Work instruction — Return the lines below exactly, from the first line to the line that contains "The link for". Leave out pictures.

[Saved data entries]
▼

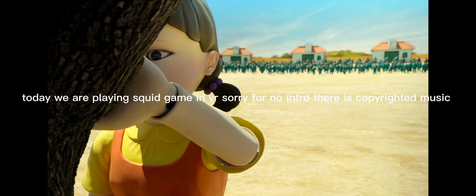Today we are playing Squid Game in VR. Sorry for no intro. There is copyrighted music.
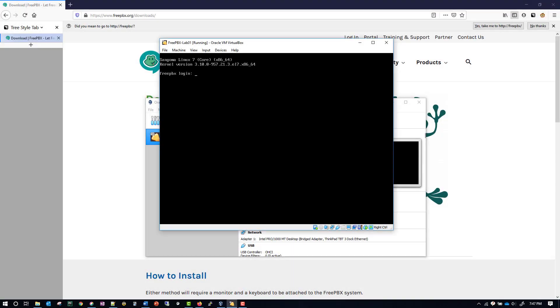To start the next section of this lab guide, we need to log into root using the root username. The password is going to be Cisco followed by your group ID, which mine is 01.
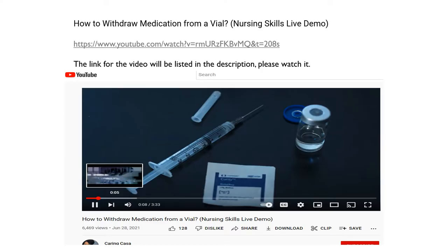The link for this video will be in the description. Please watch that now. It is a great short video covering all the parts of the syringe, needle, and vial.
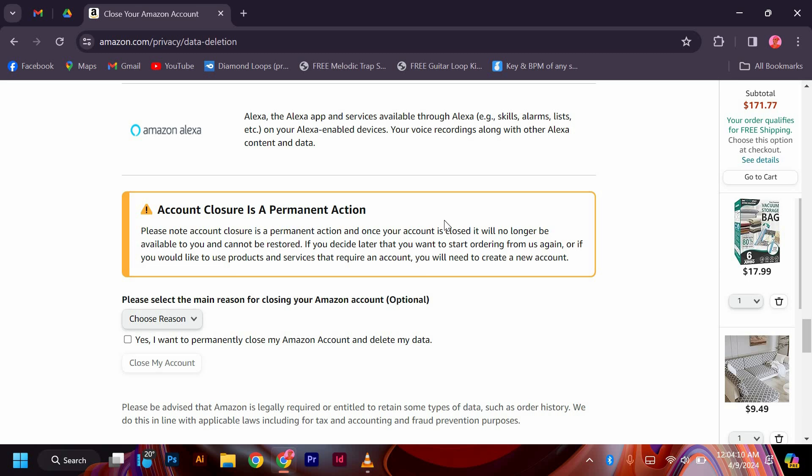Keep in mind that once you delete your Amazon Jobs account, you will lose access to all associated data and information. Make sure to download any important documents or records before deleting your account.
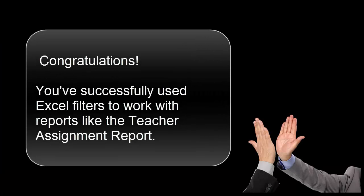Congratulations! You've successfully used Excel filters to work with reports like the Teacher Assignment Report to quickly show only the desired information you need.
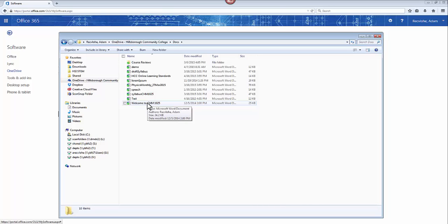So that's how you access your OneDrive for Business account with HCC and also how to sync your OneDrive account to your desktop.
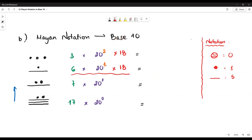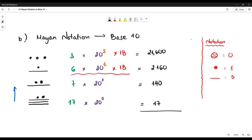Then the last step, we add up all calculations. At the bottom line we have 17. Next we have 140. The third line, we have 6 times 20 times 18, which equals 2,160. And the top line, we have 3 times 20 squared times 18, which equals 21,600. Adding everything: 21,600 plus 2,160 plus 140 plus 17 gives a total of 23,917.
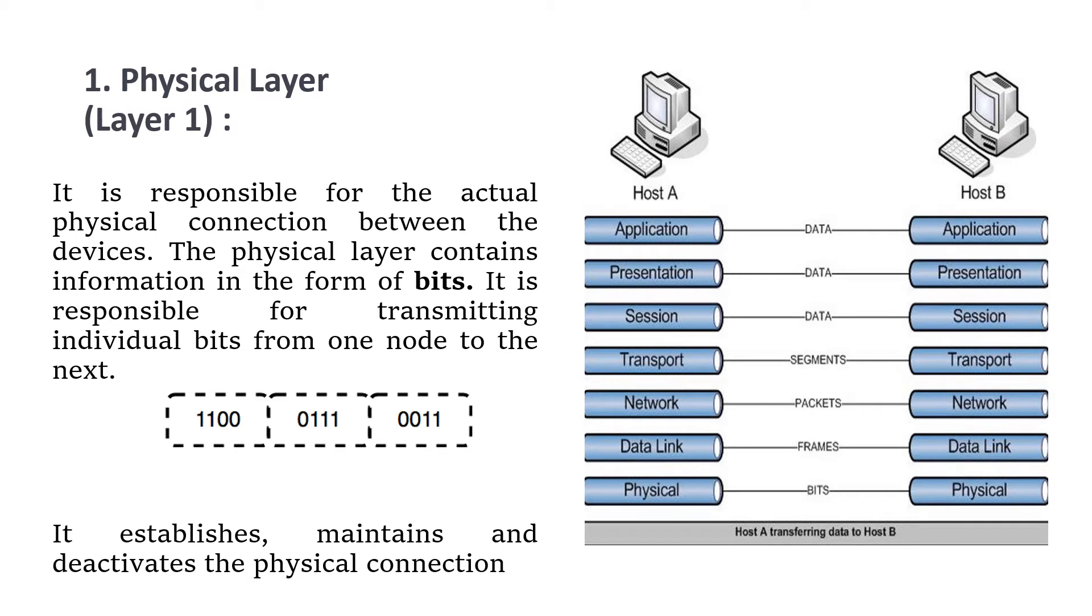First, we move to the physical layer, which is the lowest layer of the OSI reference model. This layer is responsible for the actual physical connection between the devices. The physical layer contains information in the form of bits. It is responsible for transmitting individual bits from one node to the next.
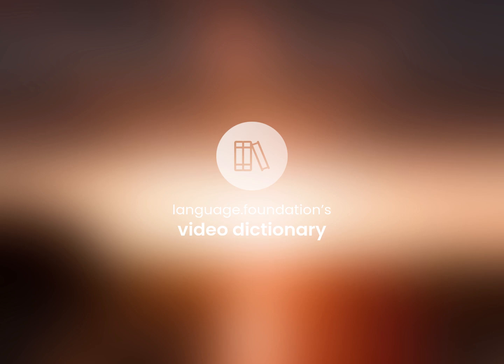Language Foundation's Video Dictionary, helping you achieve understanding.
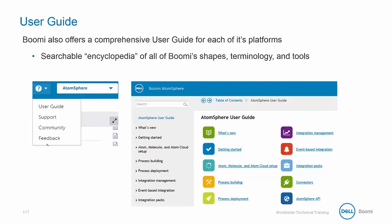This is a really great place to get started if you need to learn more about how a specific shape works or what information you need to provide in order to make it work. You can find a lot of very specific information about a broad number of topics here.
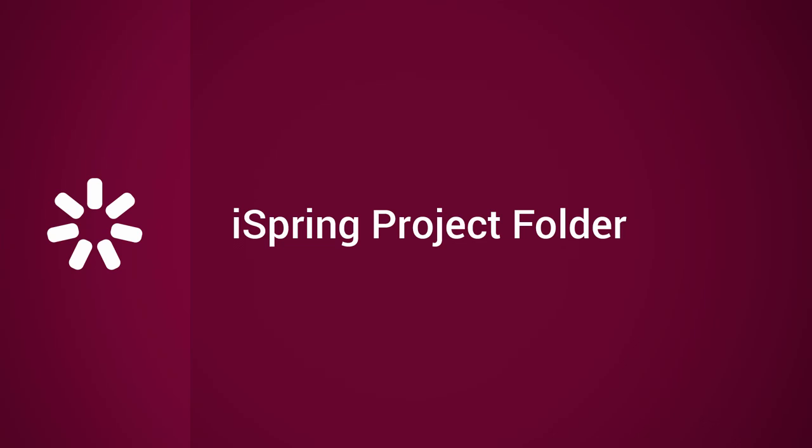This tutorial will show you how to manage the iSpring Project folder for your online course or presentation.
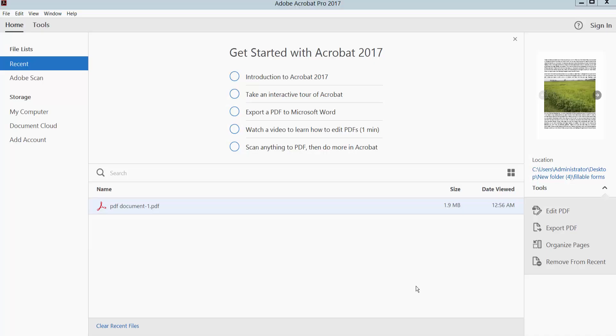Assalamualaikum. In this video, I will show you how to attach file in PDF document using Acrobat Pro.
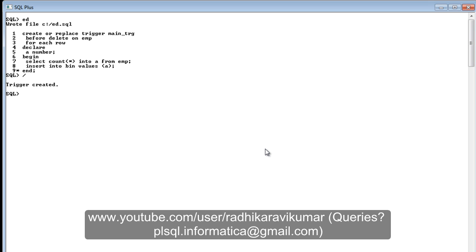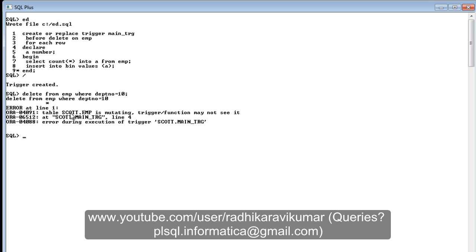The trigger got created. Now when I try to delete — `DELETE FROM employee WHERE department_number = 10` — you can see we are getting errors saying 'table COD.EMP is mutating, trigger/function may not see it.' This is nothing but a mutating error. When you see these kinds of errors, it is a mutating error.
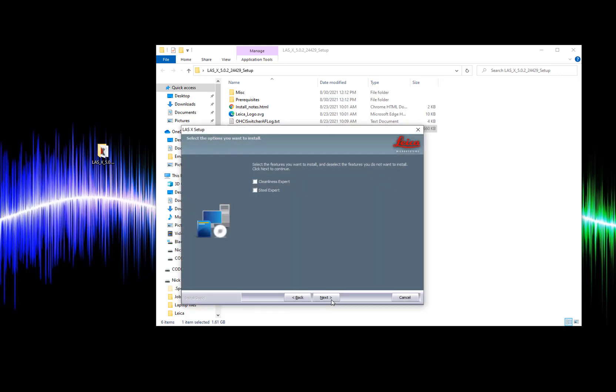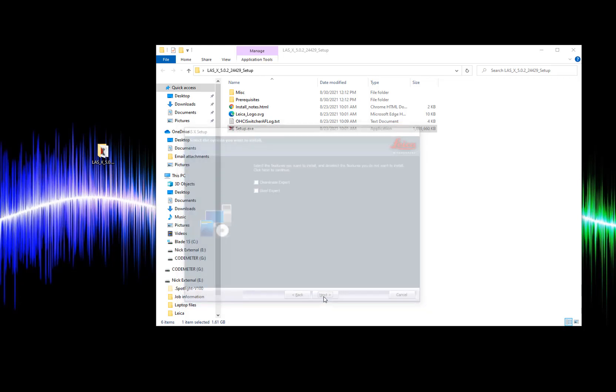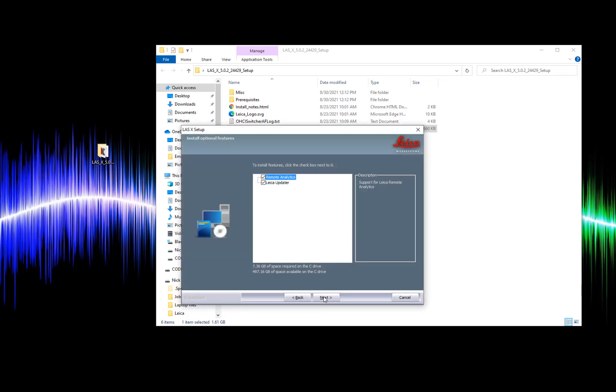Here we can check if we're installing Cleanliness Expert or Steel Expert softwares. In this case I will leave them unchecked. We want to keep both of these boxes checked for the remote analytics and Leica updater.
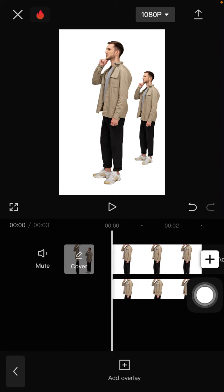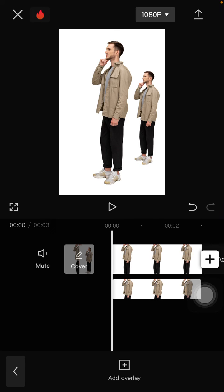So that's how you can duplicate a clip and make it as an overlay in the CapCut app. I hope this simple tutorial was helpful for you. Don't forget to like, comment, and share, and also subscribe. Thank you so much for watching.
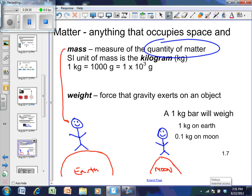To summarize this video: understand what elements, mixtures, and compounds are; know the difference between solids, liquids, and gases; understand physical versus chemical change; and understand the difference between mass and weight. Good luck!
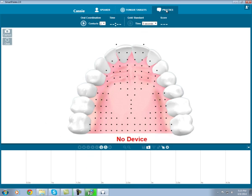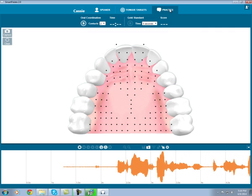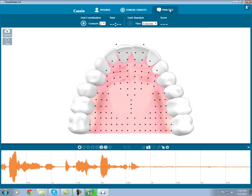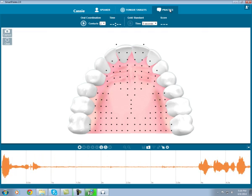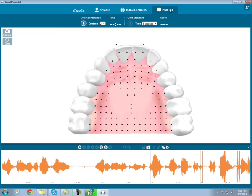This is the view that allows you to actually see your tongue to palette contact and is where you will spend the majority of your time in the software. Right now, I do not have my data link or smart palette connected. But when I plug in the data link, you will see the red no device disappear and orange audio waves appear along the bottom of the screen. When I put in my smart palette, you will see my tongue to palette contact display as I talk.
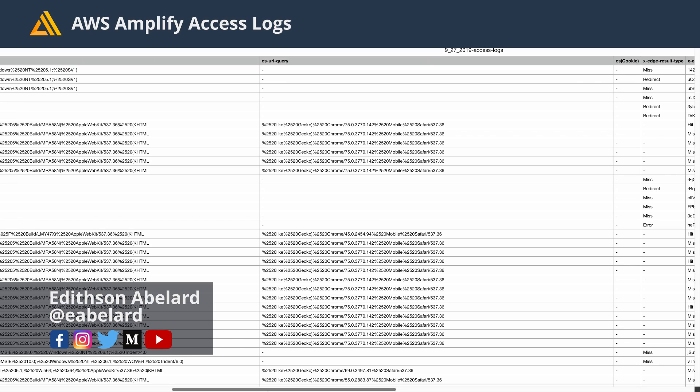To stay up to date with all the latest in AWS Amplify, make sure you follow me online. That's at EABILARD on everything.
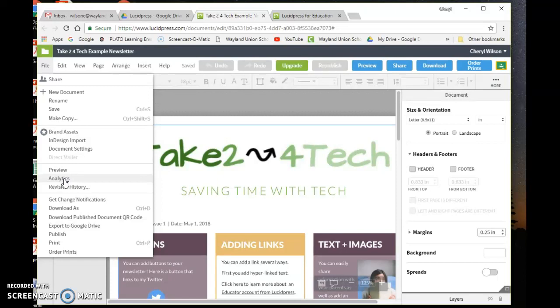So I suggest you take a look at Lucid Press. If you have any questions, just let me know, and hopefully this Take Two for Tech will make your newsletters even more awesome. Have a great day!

▲

Solution to the exercise —
Today we are playing Squid Game in VR. Sorry for no intro. There is copyrighted music.
To start the next section of this lab guide, we need to log into root using the root username. The password is going to be Cisco followed by your group ID, which mine is 01.
The link for this video will be in the description. Please watch that now. It is a great short video covering all the parts of the syringe, needle, and vial.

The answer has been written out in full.